彼は高嶺のヤンキー様(元ヤン)



忙しい合間をぬって、瑞希お兄ちゃんは私の練習に付き合ってくれる。

瑞希お兄ちゃん、私のために、バイク通勤を一時休止してくれている。

そんな彼に答えるためにも、私はバイクをマスターしなければならないっ!




「じゃあ、試しに二人乗りの練習するか?」

「え!?それはちょっと・・・」




不安がある。

だってこの前、瑞希お兄ちゃんを乗せたけど・・・




「飛んじゃったから・・・・」

「なんだよ?まだ気にしてんのか、凛~?」



気まずい気持ちで思い出しながら言えば、呆れたように瑞希お兄ちゃんが言う。




「あのなー!初めてだったから、ああなっちまったのもあるんだ。いつまでも、気にしてんじゃねぇーよ!」

「でも・・・」

「瑞希の言う通りだぞ、凛たん。

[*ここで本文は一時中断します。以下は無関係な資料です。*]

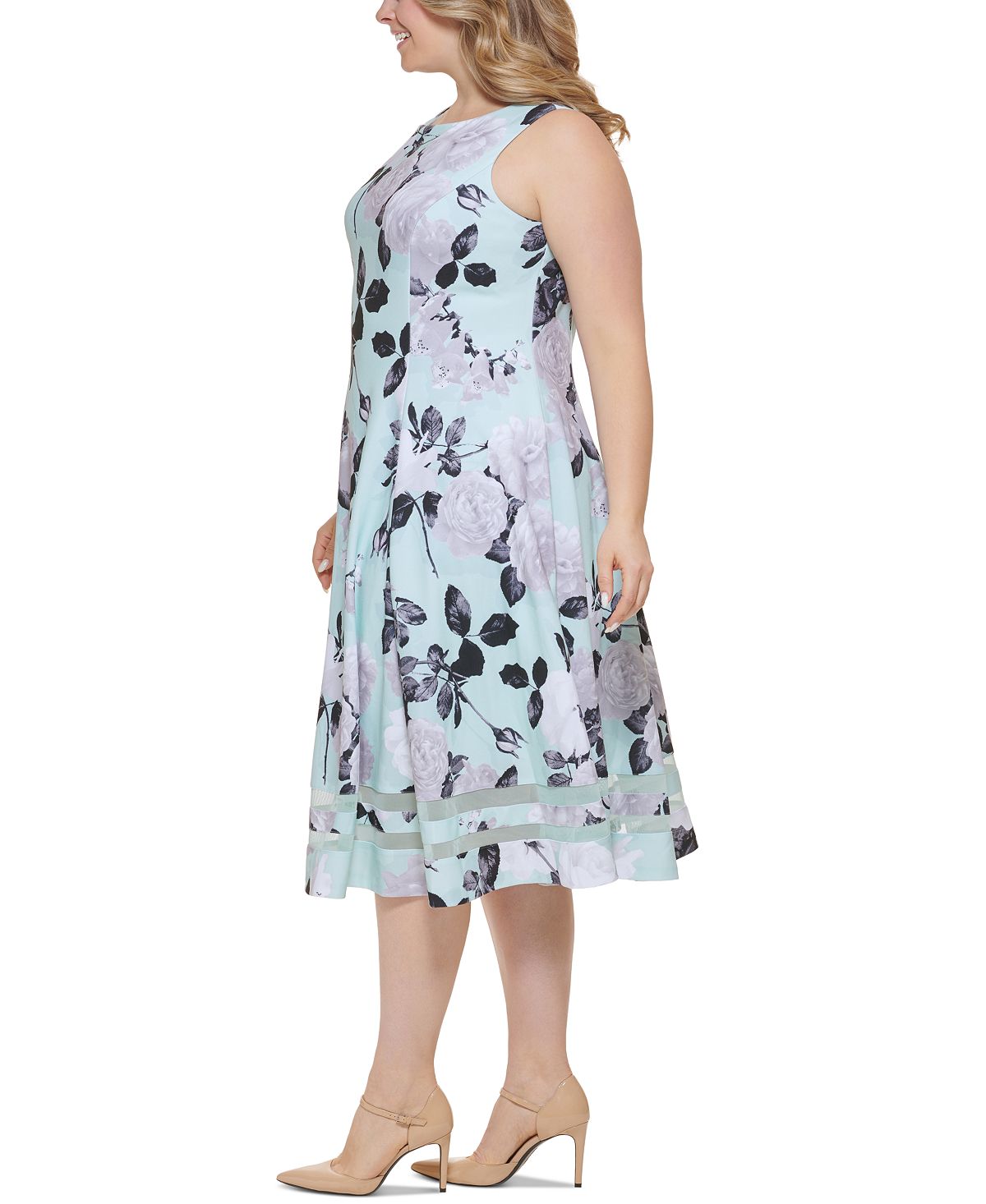 Calvin Klein Women's Floral Print Illusion Hem Dress Blue Size 16W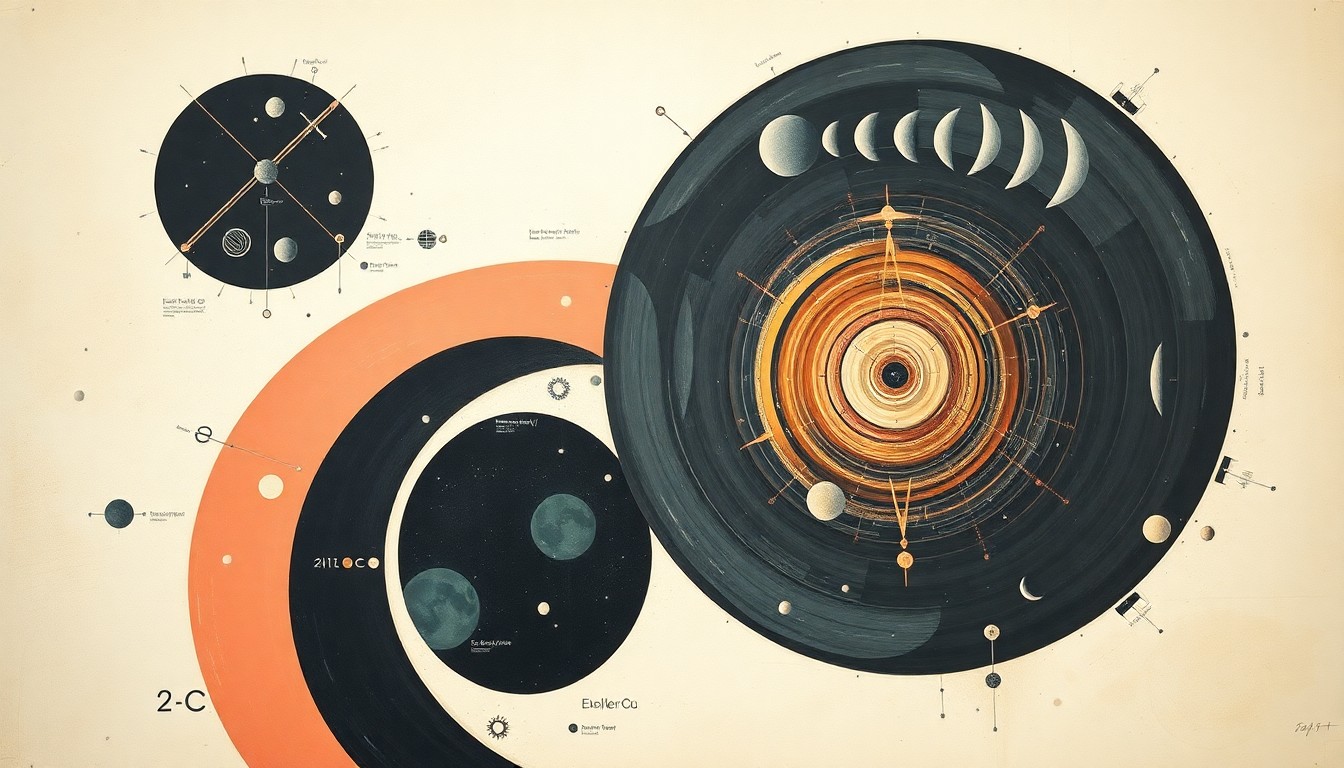 A bold, abstract painting in soft blues, greens, and oranges depicting sweeping geometric arcs, concentric circles, and precise spirals, conceptually representing the complex forces and concepts of the Artemis II mission to the moon.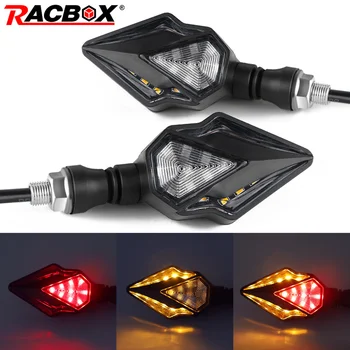 

Pair Arrow LED Motorcycle Turn Signals Indicator Sequential Dual Color Universal Signal Lamp for Yamaha Suzuki Scooter Kawasaki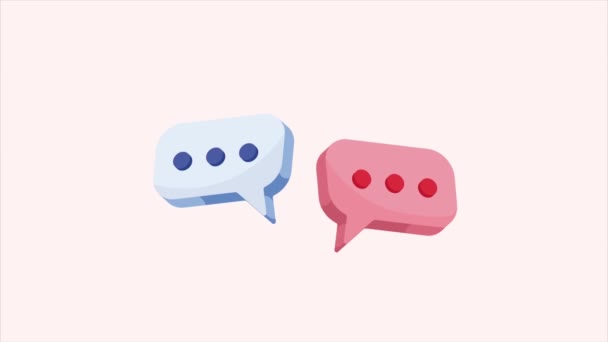 Speech Bubbles Messages Communication Animation Video Animated — Stock Video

ウダウダ考える前に、実践してみろよ?」

「烈司さん・・・」

「そうだ!いいから、俺を乗せて走れっ!」

「いいな、凛?」

「う・・・・わかりました・・・」




2人がかりで言われ、多数決で私は負けた。

こうして、かなり不安がったけど、瑞希お兄ちゃんとの2人乗りを承諾した。



「お兄ちゃん、危なくなったら、逃げてくださいね?」

「だったら、危なくならないように努力しろ~!」




私の後ろに乗りながら、彼は苦笑いする。




(こっちは笑い事じゃないんだけどなぁ・・・)




それでも、瑞希お兄ちゃんを乗せて走る以上、安全運転を心がける。

緊張しながらエンジンをかける。







バルルルル!!





上手くかかった。






「いいぞ、凛!」





ちゃんとできた私に、瑞希お兄ちゃんが満足そうに言う。